Witnessing album sales not taking off and dropping off the Billboard 200 after only one week, the band embarked a variety of tours to promote the record, as a supporting act again. They played opening slots for Avenged Sevenfold, Coheed and Cambria, Hinder, and Bullet for My Valentine, among others.

Even though the catchy power ballad "Broken Hearted" was released to radio stations and managed to get some airplay, no video was made, and the album ended up as a commercial flop. Even though the number of total sales has not been made official, it is widely rumored to have ended below the 100k bar.

===Break-up (2007)===
In 2007, while still playing a few shows in Australia and posting daily MySpace bulletins asking fans to request "Broken Hearted" on the radio, band coverage, press and blog updates started decreasing considerably, leading fans to believe the band had been dropped by Epic Records, though no official word on that has been released. This also led to break-up rumors, which were soon confirmed. On April 9, 2007, bassist Mick Morris confirmed the band's breakup on MySpace through this statement:

"After several years of touring and quite a few album releases we have decided that it is time to go our separate ways. We have been a band for a very long time and feel good about everything we were able to accomplish. At this point in our lives and our careers we feel its time to move on to something fresh and new. Whether it be music, touring or just being at home to live and enjoy life. We would like to thank all of our fans, friends and families for all of the great support over the years. We would also like to thank all of the bands we have shared the stage with and everyone who has ever worked with the band, opened a door or reached out a hand. We will be playing our final two shows in April. One in San Diego and one in Orange County. Come rock with us one more time."

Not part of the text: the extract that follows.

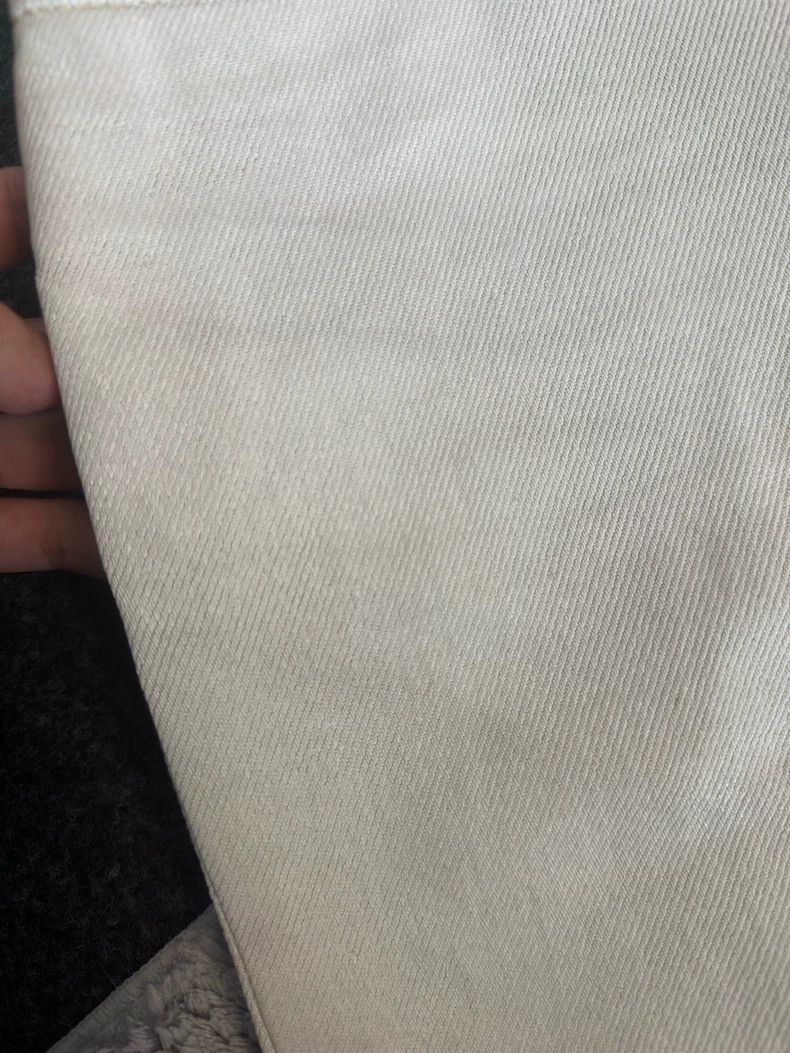 Maison Margiela Maison Margiela White Waxed Denim Pants Size US 28 / EU 44 - 2 Thumbnail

While the break-up might have appeared somewhat abrupt, frontman James Hart stated on his MySpace blog that this was not the case on July 13, 2007: "18V had been a band for 10+ years, [...] it just got to the point where we all had different goals and ideas for the band on a musical and touring basis. We all felt it was time to move on to something fresh and new."

=== Post-breakup (2007–2017) ===
Trevor Friedrich was hired by Eleven Seven recording artist Sixx:A.M. for the "Accidents Can Happen" video. He is now the drummer in the band Never Enough with Eighteen Visions' Keith Barney on guitar. He also drums for the industrial acts Imperative Reaction and Combichrist.
He is currently the singer of The Witch Was Right. He also formed a band called Monkeys Are Machine Guns. Trevor was also the drummer for Suffer Well with Bleeding Through's Brandan Schieppati on vocals.

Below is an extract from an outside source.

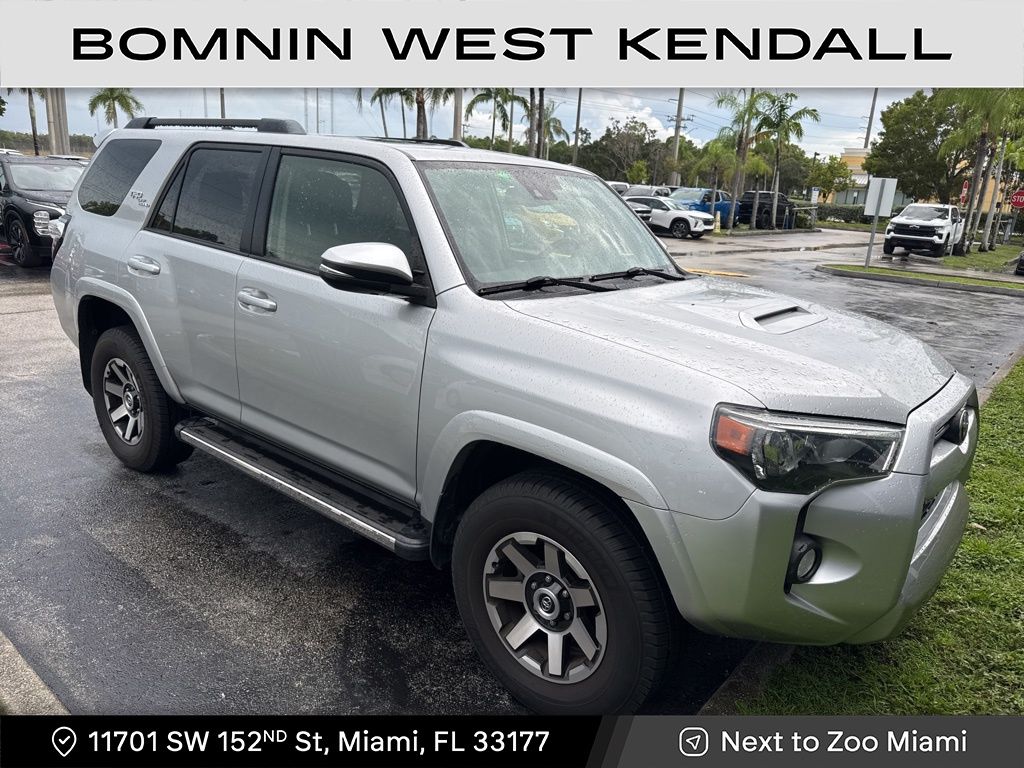 2020 Toyota 4Runner TRD Pro photo 2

Keith Barney also recently joined hardcore band Monument to Thieves. He also joined California hardcore band Love Thyne just before they officially disbanded. He is currently working as a graphic designer.

Ken Floyd is currently working on a new wave band called Hi-Deaf. He was touring guitarist for Saosin in 2010.

Mick Morris joined Hatebreed on tour, doing tech work. He also launched Dethless Clothing, held a popular weekly updated eBay store, and modeled for several clothing lines. Morris stated that he would be willing to have an Eighteen Visions reunion if the other members were willing to. This never came to fruition, however, as Morris died on June 3, 2013, almost four years before the actual reunion he wished for.

Hart has been working with former Nixons frontman Zac Maloy on a project named Burn Halo. Maloy's previous collaborations include songwriting credits for Chris Daughtry and Bowling for Soup, among others. Keith Barney and Avenged Sevenfold lead guitarist Synyster Gates appear to have also contributed to the project, which has evolved from a solo project into a full band. Burn Halo signed to Island Records, but after the album was completed in early 2008, Island elected not to release Burn Halos debut, leaving Hart with the tough job of finding a new home for his project. Burn Halo's manager, Bret Bair, formed his own label through Warner Music Group, Rawkhead Rekords, to release the record. Burn Halo played their first ever live show, opening for Avenged Sevenfold on December 9, 2008, at Ram's Head Live in Baltimore, Maryland. The band released their debut record on March 31, 2009. It also released full-length albums in 2011 and 2015 before amicably parting ways with Hart who allowed the other members to use the band's name and the entire music catalog for live shows.

=== Reunion, XVIII, and other releases (2017–present) ===
On February 9, 2017, an official Instagram account of the band was launched, with James Hart, Keith Barney, and Trevor Friedrich being tagged on the first picture that contained the message "the countdown begins...". All three members uploaded the same picture onto their respective private accounts as well. The band have since shared some footage of them working in the studio, along with a 15-second long clip of a new song. Mick Kenney was chosen by the band to do production, mixing, and mastering of the comeback record.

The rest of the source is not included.